Guests can enable any custom fields that aren’t show on a project, correct? They just can’t edit the criteria. If that is the case, it doesn’t really solve the security issue, right?
Are you suggesting that you disable (from the “customize” panel) projects that you don’t need? Why have them on the project then? As stated before, I’ve always looked at what is shown on the project level different from what is shown in the task. To keep the project view clean, I don’t always show all custom fields they they still might be necessary for the project.
Personally, I live that the customize field doesn’t control what is shown from both the project view and the task view. I will say, I would prefer that from the task view, all the custom fields that are mapped through multi-homing exist within a clickable link to “show more” rather than showing an extensive list by default.

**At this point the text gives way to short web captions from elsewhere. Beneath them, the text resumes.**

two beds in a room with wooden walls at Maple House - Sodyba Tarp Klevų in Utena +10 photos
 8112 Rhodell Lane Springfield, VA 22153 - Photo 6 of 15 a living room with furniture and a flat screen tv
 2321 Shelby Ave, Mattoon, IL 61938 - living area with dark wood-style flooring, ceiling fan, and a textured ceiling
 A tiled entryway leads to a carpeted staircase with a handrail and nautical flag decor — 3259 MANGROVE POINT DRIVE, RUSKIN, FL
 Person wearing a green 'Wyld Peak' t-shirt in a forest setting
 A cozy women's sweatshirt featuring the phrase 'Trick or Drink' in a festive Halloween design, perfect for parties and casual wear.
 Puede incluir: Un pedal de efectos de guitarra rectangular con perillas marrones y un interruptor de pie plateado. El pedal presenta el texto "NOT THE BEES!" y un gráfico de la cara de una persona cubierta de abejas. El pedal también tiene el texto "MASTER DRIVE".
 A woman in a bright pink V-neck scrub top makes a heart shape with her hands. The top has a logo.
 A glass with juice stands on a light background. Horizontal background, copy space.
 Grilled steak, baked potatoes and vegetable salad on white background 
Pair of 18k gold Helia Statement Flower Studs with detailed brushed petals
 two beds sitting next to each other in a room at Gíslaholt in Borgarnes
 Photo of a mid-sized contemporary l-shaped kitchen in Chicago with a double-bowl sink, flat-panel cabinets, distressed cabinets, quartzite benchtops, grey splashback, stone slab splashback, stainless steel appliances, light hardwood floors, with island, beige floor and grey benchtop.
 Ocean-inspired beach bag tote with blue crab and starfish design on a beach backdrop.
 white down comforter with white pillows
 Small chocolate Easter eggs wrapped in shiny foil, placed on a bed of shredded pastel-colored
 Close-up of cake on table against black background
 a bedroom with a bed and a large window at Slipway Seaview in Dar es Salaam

@Julien_RENAUD, I appreciate the clarification. But you’re now asking for feature changes whereas the thread had previously been debating how best to use the app (as it operates now). I think it would be better to discuss that elsewhere. You’re also calling for eliminating what @Bastien_Siebman has called “cherry-picking” custom fields; I’d be against that!
I was surprised to see this being called a “gap” in security, and I feel that’s unfair on Asana. To me, it’s just how Asana works, and makes sense. Custom field details are part of the task information, so if a user chooses to share the task with someone new (eg by multi-homing the task to a project the new person can see), it makes sense for the new person to see the custom fields as well. It would seem to make less sense to restrict this by default, because the new person may not have the information they need to deal with the task. If people want more control than what Asana currently offers concerning who can see what, it could be achieved with more detailed sharing permission settings rather than changing the default way custom fields are displayed.
Another interesting tidbit I learned in this process too — forms are totally public links. We used to have a form with a custom field dropdown list of “future campaigns” for requesting briefs. Well, that form link is public so literally anyone could see it!
We’ve since amended that form to remove the custom field. But we did suggest to the Asana team that restricting forms to logged-in users (and then capturing the user data) would be beneficial for a number of reasons!